The main TL peaks of the treated fractions of all samples were identical to those measured for the untreated fractions. However, TL intensities changed slightly with treatment duration (Figs. 3 and S3). Whilst mean TL intensities (n = 3) for sample ALB1 were up to 15 % higher after oxalic acid treatment, sample ALB2 showed insignificant changes with chemical treatment except for the green–yellow emission (Fig. 4). The latter was reduced by ∼ 25 % compared to the untreated TL emission with both aqua regia and oxalic acid treatments. Sample MIC showed no change with feldspar dissolution, showing similar TL intensities for the near-UV, blue, and green–yellow TL emission bands (Fig. 4). Although TL intensity changes were observed for the two plagioclase samples, between-aliquot-scatter could explain the slightly higher or lower TL intensities after chemical treatment. When comparing the mean TL intensities of the three aliquots with their corresponding 1σ standard deviations (Fig. S4), TL emissions are still identical and overlap the untreated TL curves (Fig. 5). Although the aliquots were mass corrected, the number of luminescent grains may have varied between aliquots, leading to the differences in TL intensities.

4.2.2 Infrared stimulated luminescence (IRSL)

pIR-IRSL decay and dose response

The multi-grain feldspar samples generally yielded bright IR₅₀ and pIR₂₂₅ signals in the near-UV and blue emission wavelength regions (T_n intensities = several 10⁴–10⁵ counts per 0.7 s) and IR₅₀ signals decayed faster than the pIR₂₂₅ signals, which is well known from previous pIR-IRSL dating studies (e.g. Kars et al., 2014). After chemical treatment, signal decay of the IR₅₀ and pIR₂₂₅ signals in the UV and blue luminescence emissions exhibited no change with aqua regia or oxalic acid treatment (Figs. 6 and S5–S6). Although a change in IRSL sensitivity was recorded, there was no clear trend of increasing or decreasing signal intensity. Greater variability in IRSL sensitivity was observed after oxalic acid treatment (Figs. 6c, d and S5–S6). As for the TL data, inter-aliquot scatter must also be accounted for, since IRSL intensities are dependent on the number of luminescent grains measured on a single aliquot. In agreement with the luminescence signal decay data, the dose response curves of the three samples in the UV and blue emissions showed no change after artificial chemical treatment (Figs. 6 and S7–S8). We measured the dose response curves until close to saturation (2250 Gy) to calculate the characteristic saturation dose (i.e. D₀, 68 % of the dose response curve), after fitting the data with a single saturating exponential function (Figs. 6 and S7–S8). All D₀ values were within 10 % of one another and did not show differences due to feldspar partial dissolution (Figs. 6 and S9).

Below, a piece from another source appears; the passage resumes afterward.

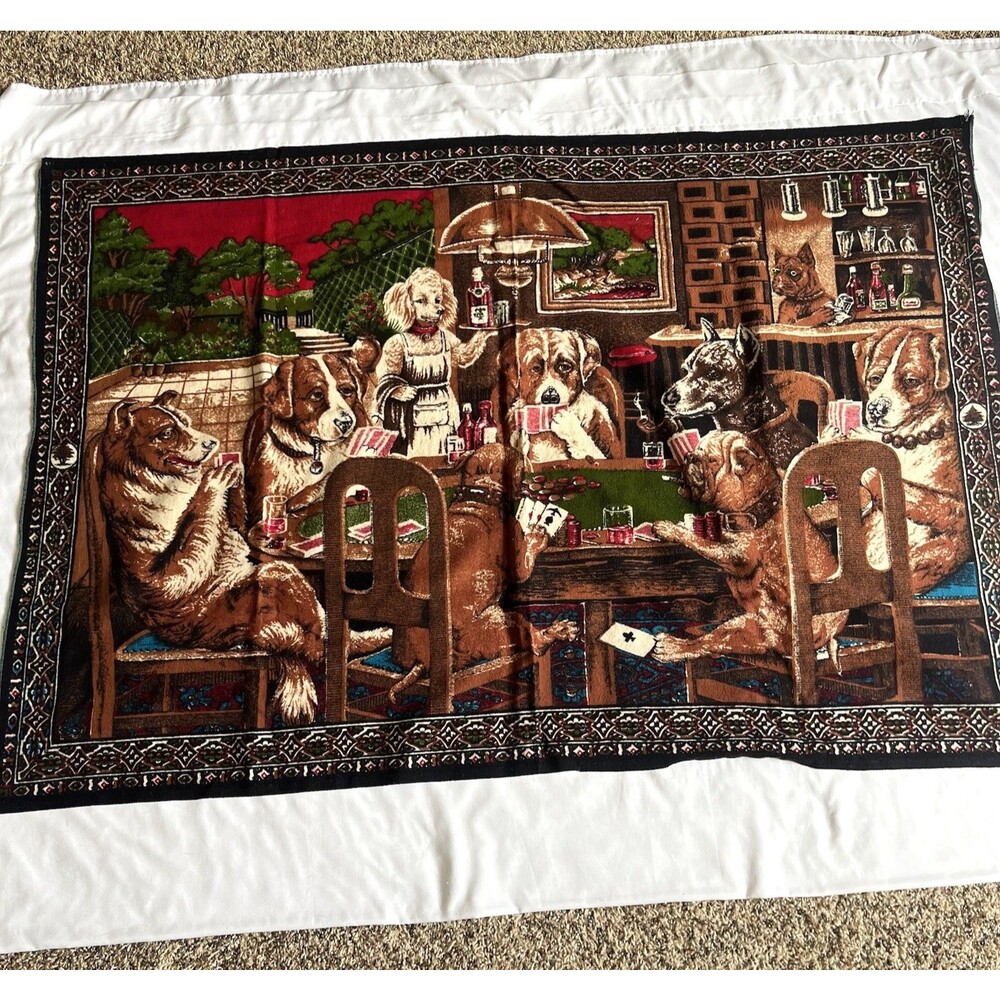 Vintage 70s Cotton Tapestry Wall Hanging Dogs Playing Poker 37x 54 Wall Art RTC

Figure 6 Exemplary pIR-IRSL signal decay, dose response (inset) (a–d), and characteristic saturation dose (D₀; e–f) data of sample ALB1 measured of the blue emission before (0 h) and after aqua regia and oxalic acid treatment (4–720 h). IRSL signals are presented as the mean of three multi-grain aliquots and normalised to the initial (untreated, 0 h) IR₅₀ and pIR₂₂₅ signals. The single saturating exponential function was used to fit the regenerative dose points in the dose response curves. Fitting was performed through three measured aliquots and normalised to the highest IRSL intensity. D₀ values are normalised to the initial D₀ values of the IR₅₀ and pIR₂₂₅ signals.

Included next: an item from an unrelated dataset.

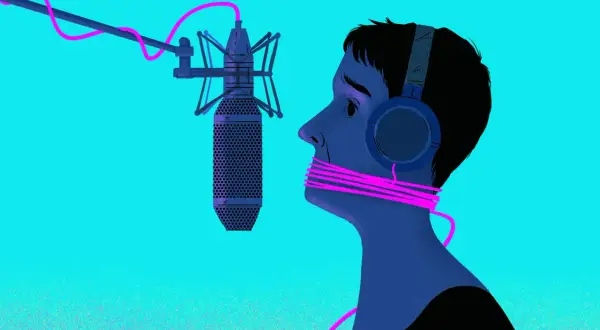 A person with headphones and a pink cord tied around their mouth faces a microphone, symbolizing the struggle of copyrighting your music.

Single-grain measurements using the pIR-IRSL₂₂₅ protocol showed bright luminescence for the IR₅₀ signals, while measurement of the pIR₂₂₅ signal was challenging due to dim luminescence or anomalous dose response (i.e. dose response that did not exhibit monotonic growth). Only 2 % of grains were accepted for sample MIC, whilst samples ALB1 and ALB2 yielded an acceptance rate of 46 %–95 % of 100 grains for the IR₅₀ signal (Table S2). As the samples are museum specimens and did not have a natural signal, we tested whether we could recover a laboratory-administered dose (i.e. a dose recovery test). Dose distributions following the different treatments yielded overdispersion values < 3 %, except for sample ALB1, which showed a higher overdispersion after 240 h aqua regia treatment in the UV emission with 8 ± 1 % (Table S2). Mean dose recovery ratios were all within unity indicating insignificant intrinsic scatter.

pIR-IRSL anomalous fading

Measurement of anomalous fading rates were carried out using the pIR-IRSL₂₂₅ protocol at a multi-grain level (i.e. Buylaert et al., 2009; Thomsen et al., 2008) in the near-UV and blue wavelength regions. Figure 7 summarises fading rate data obtained for the IR₅₀ and pIR₂₂₅ signals in both detection wavelengths before (time point 0 h) and after chemical treatment (treatment durations 4–720 h). Measurement of fading rates showed variations in g_2 d values between the three samples and the two luminescence emission bands. The two plagioclase samples yielded higher fading rates compared to the microcline sample. Moreover, signals emitted in the near-UV are generally less stable than the signal measured in the blue wavelength region (Fig. 7), which is in agreement with previous observations (e.g. Thomsen et al., 2008).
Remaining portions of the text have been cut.